Le Conseil de l’ordre blâme un psychiatre de Technologia
Le Dr. Stéphanie Palazzi, psychiatre, collaboratrice du cabinet d'expertise Technologia, vient de se voir adresser un blâme par le Conseil de l'ordre des médecins, pour violation du secret médical. Cette sanction fait suite à l'« affaire » des autopsies psychiques menées sur plusieurs cas de suicides chez Renault.
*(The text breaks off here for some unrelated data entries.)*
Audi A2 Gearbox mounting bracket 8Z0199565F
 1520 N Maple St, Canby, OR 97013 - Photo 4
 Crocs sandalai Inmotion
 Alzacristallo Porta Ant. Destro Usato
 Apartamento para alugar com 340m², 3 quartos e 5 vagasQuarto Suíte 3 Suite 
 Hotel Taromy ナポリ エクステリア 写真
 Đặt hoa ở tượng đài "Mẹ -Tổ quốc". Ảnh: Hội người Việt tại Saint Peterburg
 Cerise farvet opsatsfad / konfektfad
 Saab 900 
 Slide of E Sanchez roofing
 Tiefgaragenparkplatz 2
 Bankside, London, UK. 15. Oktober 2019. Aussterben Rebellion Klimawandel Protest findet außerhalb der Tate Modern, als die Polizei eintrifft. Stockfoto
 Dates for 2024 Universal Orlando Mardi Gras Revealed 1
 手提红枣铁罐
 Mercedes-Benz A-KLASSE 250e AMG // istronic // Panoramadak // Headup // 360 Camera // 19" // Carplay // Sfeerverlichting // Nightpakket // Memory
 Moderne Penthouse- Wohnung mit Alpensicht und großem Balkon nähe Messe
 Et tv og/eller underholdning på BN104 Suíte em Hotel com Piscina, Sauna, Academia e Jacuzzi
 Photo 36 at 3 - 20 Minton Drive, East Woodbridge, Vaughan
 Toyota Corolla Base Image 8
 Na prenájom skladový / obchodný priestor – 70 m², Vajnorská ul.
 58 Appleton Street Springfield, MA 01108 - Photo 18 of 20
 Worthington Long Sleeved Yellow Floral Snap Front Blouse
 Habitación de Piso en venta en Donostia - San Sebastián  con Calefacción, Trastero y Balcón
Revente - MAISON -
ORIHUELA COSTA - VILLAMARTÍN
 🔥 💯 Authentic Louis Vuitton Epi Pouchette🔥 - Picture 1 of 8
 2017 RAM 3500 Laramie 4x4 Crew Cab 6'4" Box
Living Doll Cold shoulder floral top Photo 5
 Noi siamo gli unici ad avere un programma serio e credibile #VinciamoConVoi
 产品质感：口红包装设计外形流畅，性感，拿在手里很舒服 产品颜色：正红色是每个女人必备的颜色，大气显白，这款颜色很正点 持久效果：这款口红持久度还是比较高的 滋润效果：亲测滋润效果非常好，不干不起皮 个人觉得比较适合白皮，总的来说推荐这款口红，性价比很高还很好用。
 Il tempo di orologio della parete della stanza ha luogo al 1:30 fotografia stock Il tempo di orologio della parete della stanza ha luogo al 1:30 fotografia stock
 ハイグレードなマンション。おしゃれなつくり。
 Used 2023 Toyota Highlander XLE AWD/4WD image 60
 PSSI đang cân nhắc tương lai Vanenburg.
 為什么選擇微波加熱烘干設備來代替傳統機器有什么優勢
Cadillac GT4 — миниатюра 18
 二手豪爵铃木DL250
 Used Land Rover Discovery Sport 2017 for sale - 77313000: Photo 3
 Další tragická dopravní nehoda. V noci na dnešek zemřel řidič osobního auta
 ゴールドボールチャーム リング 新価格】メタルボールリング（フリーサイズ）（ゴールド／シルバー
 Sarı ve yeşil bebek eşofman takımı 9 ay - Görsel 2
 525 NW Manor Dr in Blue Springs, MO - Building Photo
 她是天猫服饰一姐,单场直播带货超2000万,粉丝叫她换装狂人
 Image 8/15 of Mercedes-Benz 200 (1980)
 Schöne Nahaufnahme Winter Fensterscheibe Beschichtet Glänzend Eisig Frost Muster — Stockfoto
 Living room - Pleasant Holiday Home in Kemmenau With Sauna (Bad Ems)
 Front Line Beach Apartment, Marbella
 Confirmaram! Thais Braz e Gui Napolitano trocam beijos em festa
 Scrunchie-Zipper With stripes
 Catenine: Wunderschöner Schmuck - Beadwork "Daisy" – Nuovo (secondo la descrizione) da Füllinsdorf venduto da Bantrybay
Selon nos informations, la Chambre disciplinaire de première instance du conseil de l'ordre des médecins d'Ile-de-France a prononcé un blâme pour violation du secret médical, vendredi 21 octobre, à l'encontre du Dr. Stéphanie Palazzi, médecin psychiatre et collaboratrice du cabinet d'expertise Technologia. L'affaire a été jugée à huis clos le 21 septembre, après que le Syndicat national des professionnels de la santé au travail (SNPST) ait déposé plainte devant le Conseil de l'ordre au lendemain de l' « affaire » des autopsies psychiques menées par le cabinet Technologia sur plusieurs cas de suicides chez le constructeur automobile Renault. Une affaire révélée par Santé & Travail le 6 novembre 2009 (voir notre article « Suicides au travail : vers un scandale des "autopsies psychiques" ? »)1.
Le 19 octobre 2009, lors du procès pour faute inexcusable de l'employeur opposant Renault à la veuve d'un salarié qui s'était suicidé au Technocentre de Guyancourt (Yvelines), le constructeur automobile au losange avait utilisé pour sa défense les résultats d'une autopsie psychique menée par le Dr. Palazzi, à la demande conjointe de la Direction et du CHSCT. Comment le contenu de cette autopsie psychique, qui relève clairement du secret médical, s'était-il retrouvé entre les mains de l'employeur ? Tout simplement parce que le Dr. Stéphanie Palazzi, qui avait réalisé cet acte médical, avait consigné les informations recueillies dans une note présentée oralement au CHSCT de Renault et à la direction, en décembre 2007. Une note que Renault a produite comme pièce de sa défense devant le tribunal des affaires de Sécurité sociale (Tass) de Nanterre, après que le procureur de la République ait exigé sa communication aux parties.
« Ce médecin a méconnu son obligation de respect du secret professionnel »
La chambre disciplinaire du Conseil de l'ordre, dans les attendus du jugement que Santé & Travail a pu consulter, considère que le Dr. Palazzi est bien intervenue à Renault « en sa qualité de médecin psychiatre » - ce que contestait le Dr. Palazzi qui soutenait avoir agi en tant que collaboratrice du cabinet Technologia - et qu'à ce titre, il lui appartenait de « respecter le secret professionnel » et l'ensemble des dispositions du Code de la santé publique.
Le Conseil de l'ordre estime « qu'il résulte des pièces du dossier que le Dr. Palazzi a rendu compte oralement devant les membres du CHSCT n° 2 puis devant des proches et collègues des personnes décédées, de l'analyse des trois cas de suicides sur lesquels ce médecin a enquêté, en mentionnant les noms des personnes concernées et en décrivant pour chacune d'elle le contexte psychologique de vie personnelle et professionnelle dans lequel s'est situé le suicide ; qu'en faisant ainsi connaître des informations obtenues à l'occasion d'entretiens dans des conditions indissociables de sa qualité de médecin, alors surtout que l'exposé des résultats de l'étude confiée à Technologia - qui (...) devaient se traduire par des préconisations sur l'amélioration des conditions de travail - n'imposaient nullement au Dr. Palazzi de procéder à un compte rendu nominatif des enquêtes personnalisées accomplies en cours de mission, ce médecin a méconnu son obligation de respect du secret professionnel ; qu'est sans effet sur cette appréciation la circonstance que l'exposé oral a été présenté « à titre confidentiel » devant des personnes elles-mêmes astreintes à une obligation de secret professionnel ; que, pour ce motif, la sanction du blâme sera prononcée à l'encontre du Dr. Palazzi. »
En revanche, le Conseil de l'ordre a admis que la remise au procureur de la République de Versailles, sur réquisition de celui-ci, d'une partie des travaux nominatifs du Dr. Palazzi ne saurait constituer un manquement au respect de l'obligation de secret professionnel. Les parties disposent d'un mois pour interjeter appel de cette condamnation.
1. A la suite de l'article de Santé & Travail du 6 novembre 2009, Le cabinet Technologia a contesté avoir employé la technique des autopsies psychiques chez Renault. Pour notre part, nous avions relevé que cette technique figurait bien dans les offres de service du cabinet jusqu'à l'« affaire » Renault et que les actions mises en œuvre chez le constructeur au losange s'apparentaient bien à des autopsies psychiques, quelle que soit l'appellation qui leur était donnée.